Assigned task:
Below are the records to retype. Keep every character exactly and leave out the pictures.

[Exercise input Boundary: Start]

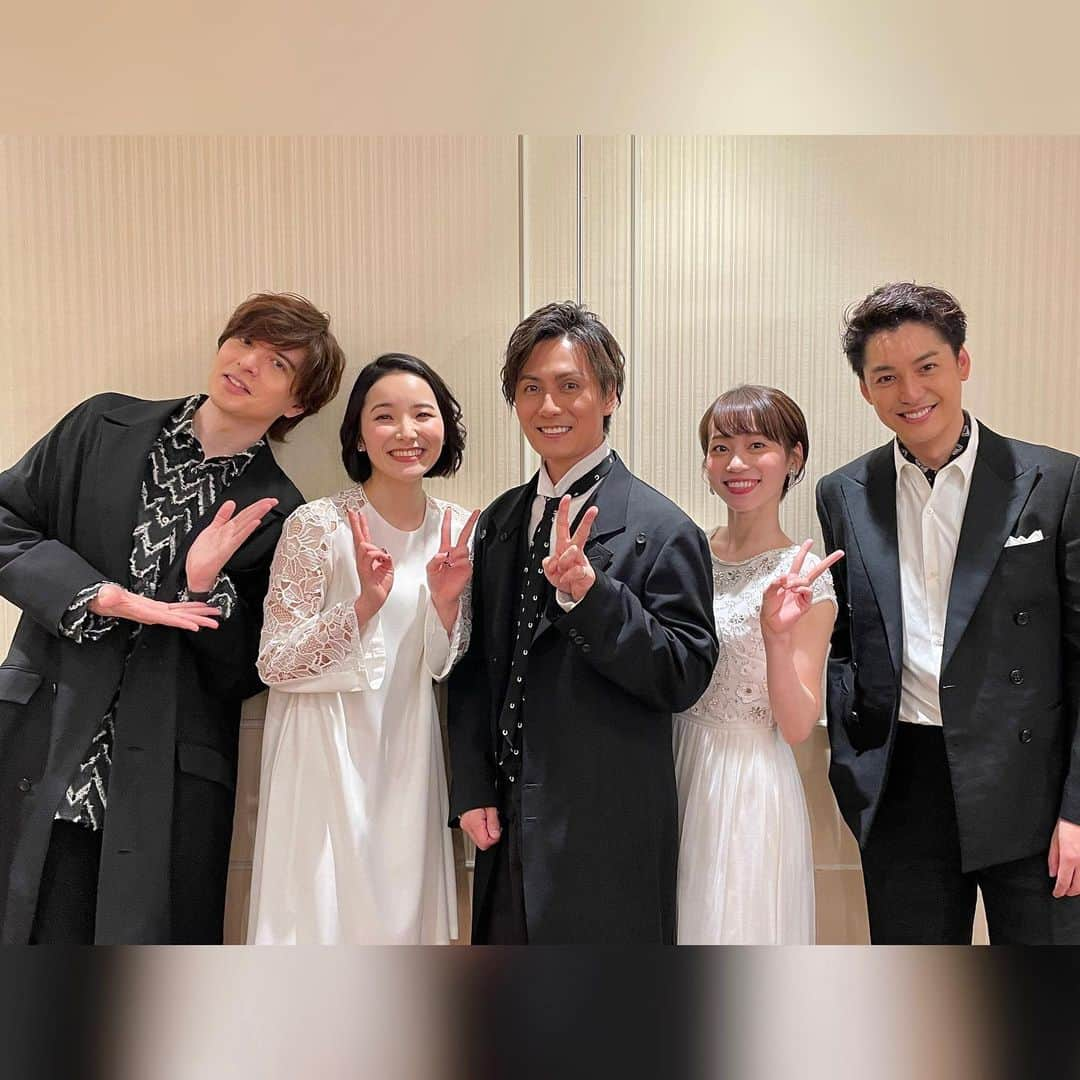 真彩希帆さんのインスタグラム写真 - (真彩希帆Instagram)「みなさま、こんばんは😌  今日はミュージカル「ファントム」の制作発表がありました🌿  ほぼほぼお話をしたことない方ばかりでしたが みなさん明るくて優しくて、 お稽古が始まるのがとても待ち遠しくなりました✨  saraちゃんとも ちょこちょこーっと話せたのが嬉しかったなぁ☺️❤️ おもしろ、きれいかわいくて これから色々なお話が出来るのが楽しみ‼︎💓  様々な媒体さんにも取材していただいたので、 またファントムへの意気込みが続々と出てくると思います😤🔥  ドレスはエリックの森や、可憐なブーケをイメージして ビジューでお花を描いたものにしました🕊️💛  ぜひ劇場でお待ちしております！  #ファントム #がんばるよ〜🔥  #城田優 さん #加藤和樹 さん #sara ちゃん #大野拓朗 さん  #明後日からは名古屋行くよ #ジキハイ #ルーシーちゃんが待っている🔥❤️  #真彩希帆」4月5日 21時47分 - maayakiho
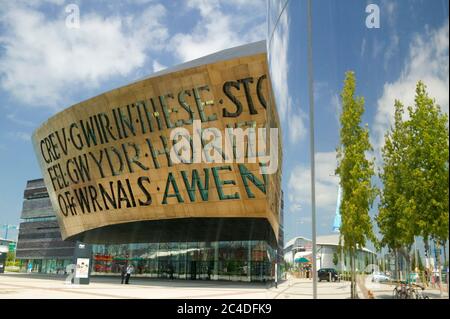 Millennium Centre per la Baia di Cardiff Cardiff Galles Wales Foto Stock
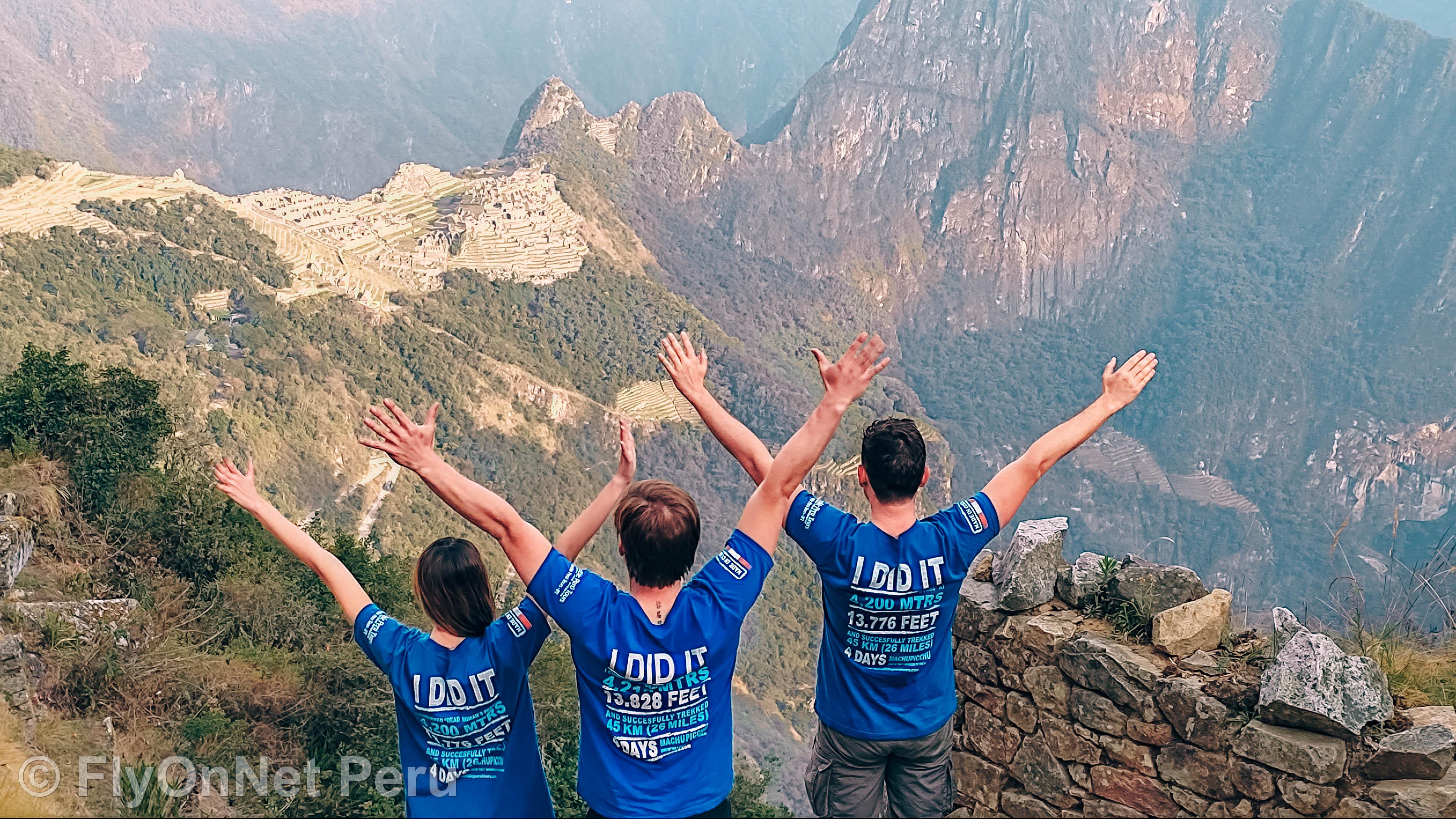 Fotoalbum: Ankunft der Wandergruppe in Machu Picchu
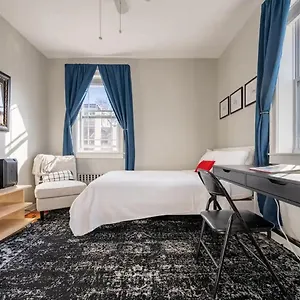 Casita Jurado Lga New York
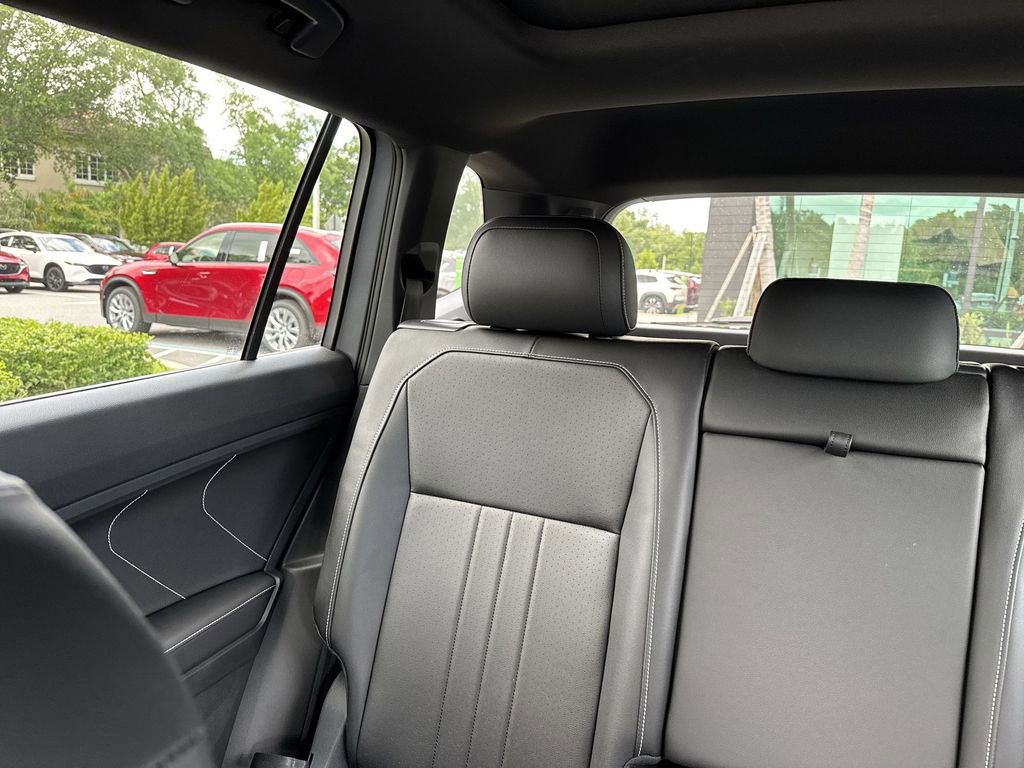 Used 2023 Volkswagen Tiguan SE R-Line image 17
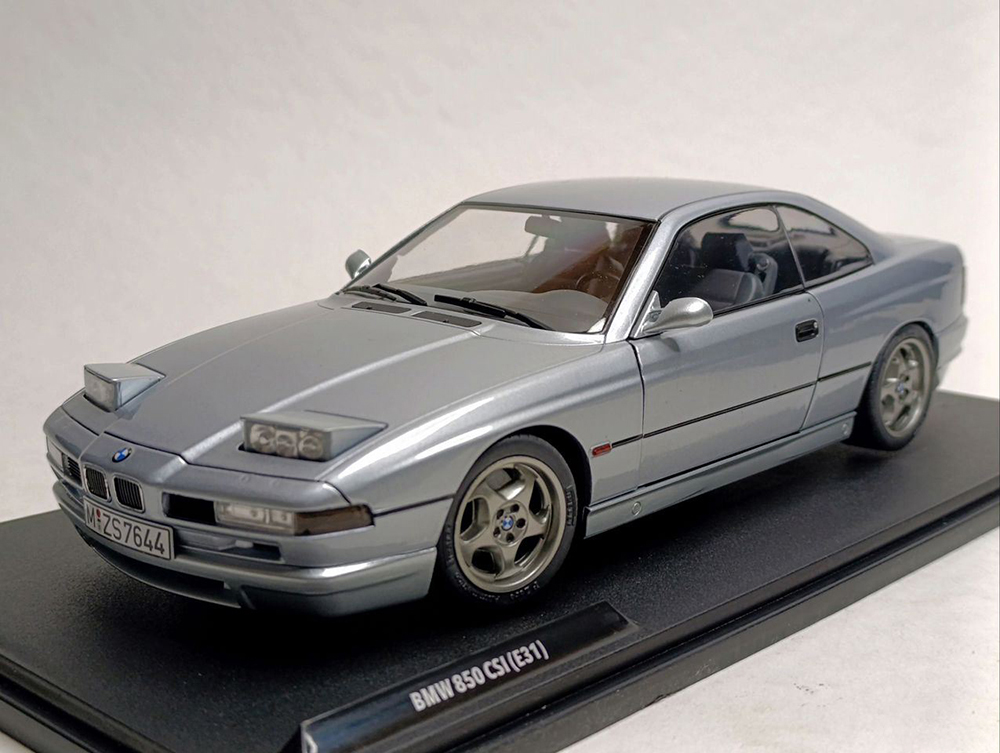 BMW 850 CSI (E31) SOLIDO 1:18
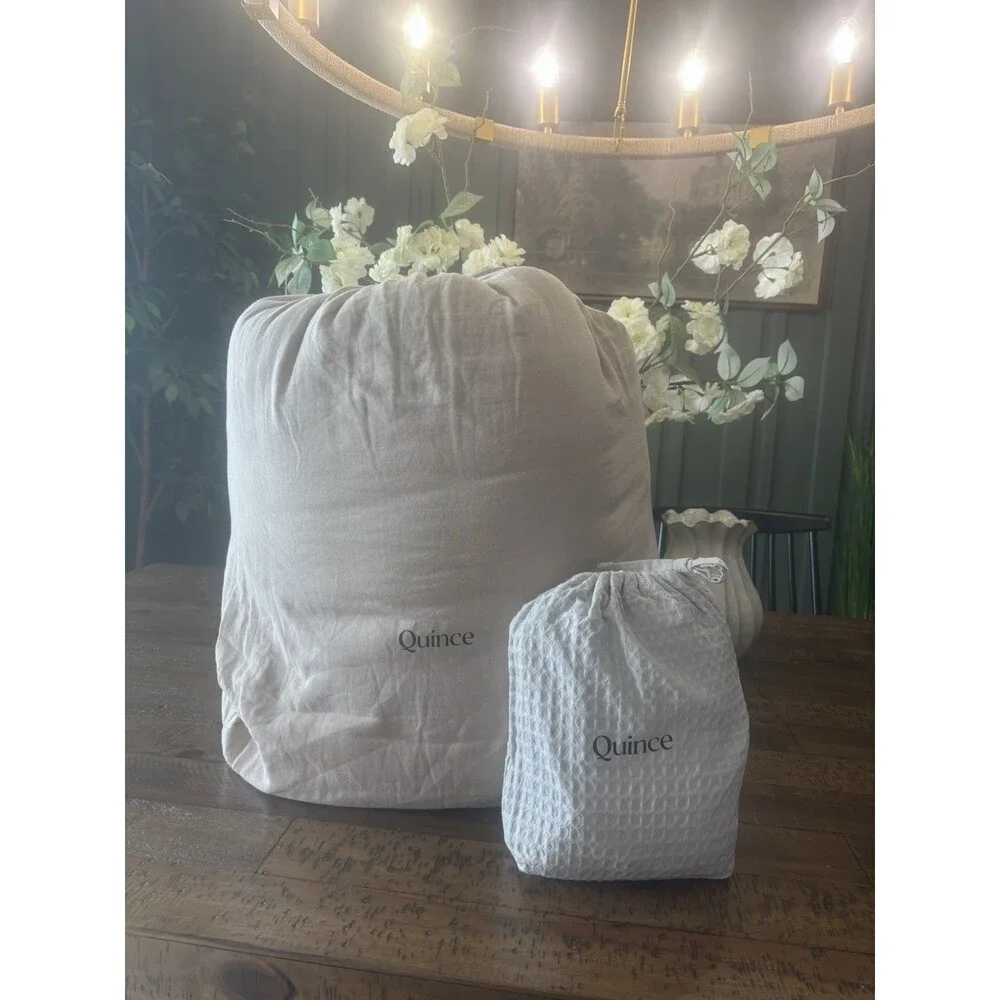 Quince Organic Airy Gauze Box Quilt & Honeycomb Sham Set Queen Dune Gray $204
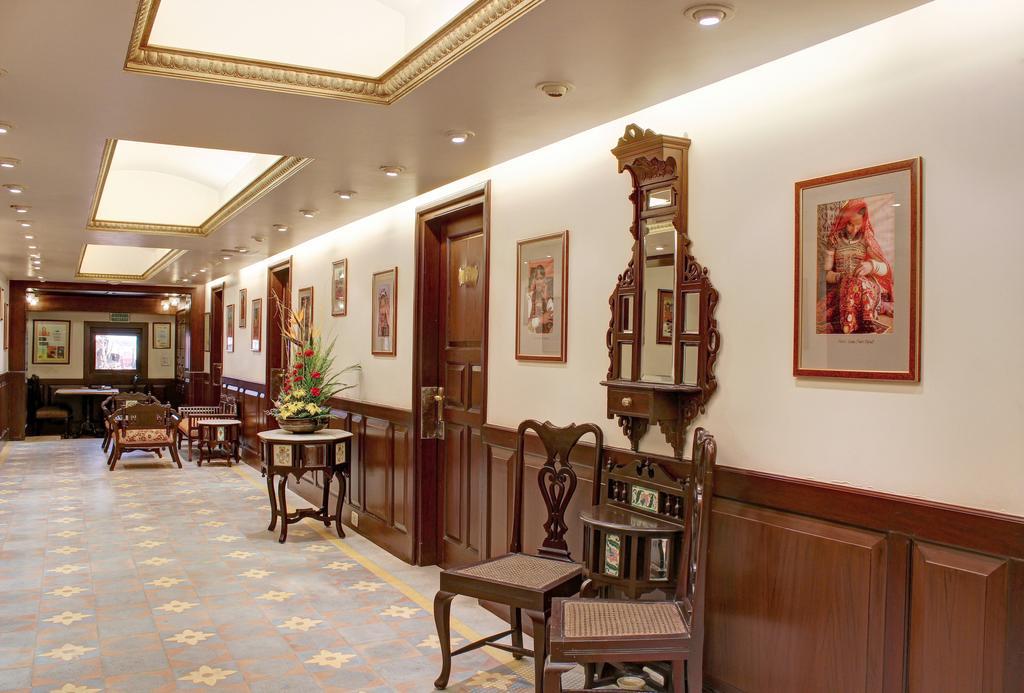 Palace On Ganges - Heritage Hotel Варанасі Екстер'єр фото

[Exercise input Boundary: End]

Solution to this problem:
 真彩希帆さんのインスタグラム写真 - (真彩希帆Instagram)「みなさま、こんばんは😌  今日はミュージカル「ファントム」の制作発表がありました🌿  ほぼほぼお話をしたことない方ばかりでしたが みなさん明るくて優しくて、 お稽古が始まるのがとても待ち遠しくなりました✨  saraちゃんとも ちょこちょこーっと話せたのが嬉しかったなぁ☺️❤️ おもしろ、きれいかわいくて これから色々なお話が出来るのが楽しみ‼︎💓  様々な媒体さんにも取材していただいたので、 またファントムへの意気込みが続々と出てくると思います😤🔥  ドレスはエリックの森や、可憐なブーケをイメージして ビジューでお花を描いたものにしました🕊️💛  ぜひ劇場でお待ちしております！  #ファントム #がんばるよ〜🔥  #城田優 さん #加藤和樹 さん #sara ちゃん #大野拓朗 さん  #明後日からは名古屋行くよ #ジキハイ #ルーシーちゃんが待っている🔥❤️  #真彩希帆」4月5日 21時47分 - maayakiho
 Millennium Centre per la Baia di Cardiff Cardiff Galles Wales Foto Stock
 Fotoalbum: Ankunft der Wandergruppe in Machu Picchu
 Casita Jurado Lga New York
 Used 2023 Volkswagen Tiguan SE R-Line image 17
 BMW 850 CSI (E31) SOLIDO 1:18
 Quince Organic Airy Gauze Box Quilt & Honeycomb Sham Set Queen Dune Gray $204
 Palace On Ganges - Heritage Hotel Варанасі Екстер'єр фото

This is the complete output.